Arrivé au soir de la vie (il a presque 70 ans), Yeats évoque aussi son rapport complexe à la mort. Dans son œuvre, elle figure positivement le tragique et marque l’avènement du sublime, à l’inverse du comique qui apparaît galvaudé. Mais plus encore, la mort apparaît comme le moment platonicien par excellence – medium par lequel s’opèrent la métempsychose et l’arrachement de l’âme à la matière. Sur les rives du lac qui borde le domaine de sa protectrice Lady Gregory, dans le poème « Coole et Ballylee », Yeats trouve l’inspiration dans la contemplation de la nature, confronté à une beauté extatique qui est aussi pure conscience de la mort. Seuls les mots convoqués suffisent alors à dessiner les contours d’un paysage métaphysique dont l’expression reste à reconstruire, à l’image de « cette blancheur orageuse […]/ si insolemment pure qu’un enfant croirait/ pouvoir l’assassiner d’une goutte d’encre ». Face au temps qui passe, Yeats esquisse une poétique des vanités qui dit l’évanescence du monde. D’où la nécessité du mouvement de la spirale qui est aussi mouvement de transhumance, mouvement d’un voyageur renonçant aux lumières de pacotille et aux mondanités pour assouvir son inextinguible soif de vérité : « là où la mode et le pur caprice font la loi,/ Nous plions bagages – puisque toute cette gloire est éteinte – / Et partons au hasard, comme le pauvre bédouin avec sa tente. »

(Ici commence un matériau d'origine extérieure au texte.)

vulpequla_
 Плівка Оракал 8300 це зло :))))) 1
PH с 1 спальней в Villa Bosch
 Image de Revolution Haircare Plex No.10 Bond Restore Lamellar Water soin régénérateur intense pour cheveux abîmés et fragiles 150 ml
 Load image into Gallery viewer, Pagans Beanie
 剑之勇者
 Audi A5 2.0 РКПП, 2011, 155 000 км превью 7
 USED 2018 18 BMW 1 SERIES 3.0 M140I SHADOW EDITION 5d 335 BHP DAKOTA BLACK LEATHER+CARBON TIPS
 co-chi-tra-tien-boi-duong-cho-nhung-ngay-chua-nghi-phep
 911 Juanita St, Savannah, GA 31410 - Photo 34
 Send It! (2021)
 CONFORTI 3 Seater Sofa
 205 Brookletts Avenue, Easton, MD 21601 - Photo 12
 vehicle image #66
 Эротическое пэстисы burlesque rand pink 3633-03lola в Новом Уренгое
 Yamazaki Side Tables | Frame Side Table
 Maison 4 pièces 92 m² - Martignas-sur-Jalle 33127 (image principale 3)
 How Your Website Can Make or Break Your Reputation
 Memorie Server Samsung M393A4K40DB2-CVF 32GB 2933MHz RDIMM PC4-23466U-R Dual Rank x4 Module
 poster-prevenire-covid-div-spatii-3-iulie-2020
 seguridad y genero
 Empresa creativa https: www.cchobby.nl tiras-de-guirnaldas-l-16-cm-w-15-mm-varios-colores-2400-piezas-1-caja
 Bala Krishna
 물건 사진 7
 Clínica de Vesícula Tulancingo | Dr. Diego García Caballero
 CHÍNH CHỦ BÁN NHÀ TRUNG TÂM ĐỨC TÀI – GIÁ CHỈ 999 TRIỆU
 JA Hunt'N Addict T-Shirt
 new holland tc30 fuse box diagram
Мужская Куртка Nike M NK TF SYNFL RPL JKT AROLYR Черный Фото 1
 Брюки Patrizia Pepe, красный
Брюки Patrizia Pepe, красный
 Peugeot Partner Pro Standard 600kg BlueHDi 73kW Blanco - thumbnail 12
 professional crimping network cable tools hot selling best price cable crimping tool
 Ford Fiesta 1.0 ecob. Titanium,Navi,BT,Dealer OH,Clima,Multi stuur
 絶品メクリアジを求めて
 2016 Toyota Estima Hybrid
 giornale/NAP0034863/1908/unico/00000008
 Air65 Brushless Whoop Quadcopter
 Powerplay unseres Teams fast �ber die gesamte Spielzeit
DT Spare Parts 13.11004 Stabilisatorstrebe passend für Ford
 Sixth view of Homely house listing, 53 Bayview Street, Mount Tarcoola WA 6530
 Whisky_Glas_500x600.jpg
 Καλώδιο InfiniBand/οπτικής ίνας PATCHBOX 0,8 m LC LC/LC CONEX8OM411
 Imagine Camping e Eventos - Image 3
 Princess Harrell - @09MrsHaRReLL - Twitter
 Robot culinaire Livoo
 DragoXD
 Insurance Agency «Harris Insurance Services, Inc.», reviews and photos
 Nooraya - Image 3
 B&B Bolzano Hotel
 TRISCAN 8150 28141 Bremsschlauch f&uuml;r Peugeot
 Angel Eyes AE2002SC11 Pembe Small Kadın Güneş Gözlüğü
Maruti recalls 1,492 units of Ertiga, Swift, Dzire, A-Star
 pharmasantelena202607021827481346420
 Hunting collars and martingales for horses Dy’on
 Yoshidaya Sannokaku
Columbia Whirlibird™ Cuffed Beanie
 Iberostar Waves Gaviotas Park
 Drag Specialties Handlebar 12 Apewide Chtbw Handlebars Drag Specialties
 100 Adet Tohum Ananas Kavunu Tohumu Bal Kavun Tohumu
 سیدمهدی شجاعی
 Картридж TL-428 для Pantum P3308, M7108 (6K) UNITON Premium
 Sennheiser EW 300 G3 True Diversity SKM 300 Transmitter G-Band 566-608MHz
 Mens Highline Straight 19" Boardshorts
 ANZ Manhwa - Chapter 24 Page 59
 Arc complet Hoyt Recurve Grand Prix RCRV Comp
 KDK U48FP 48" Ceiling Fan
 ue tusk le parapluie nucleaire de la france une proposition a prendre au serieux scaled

Au cours de son errance, le poète apprendra l’humilité et descendra de sa tour pour rejoindre les hommes. Au milieu des ruines du monastère de Glendalough, face aux éléments, Yeats réalise l’obligation de communier avec une humanité enfin rejointe, par-delà la tentation nihiliste. Son parcours est celui d’un retour à la terre, introspectif et empreint de sincérité : « Mais qui suis-je pour oser/ Me figurer que je puis/ Mieux me conduire ou avoir plus/ De sens qu’un homme ordinaire ? » Voici restauré l’espoir d’une communauté à venir.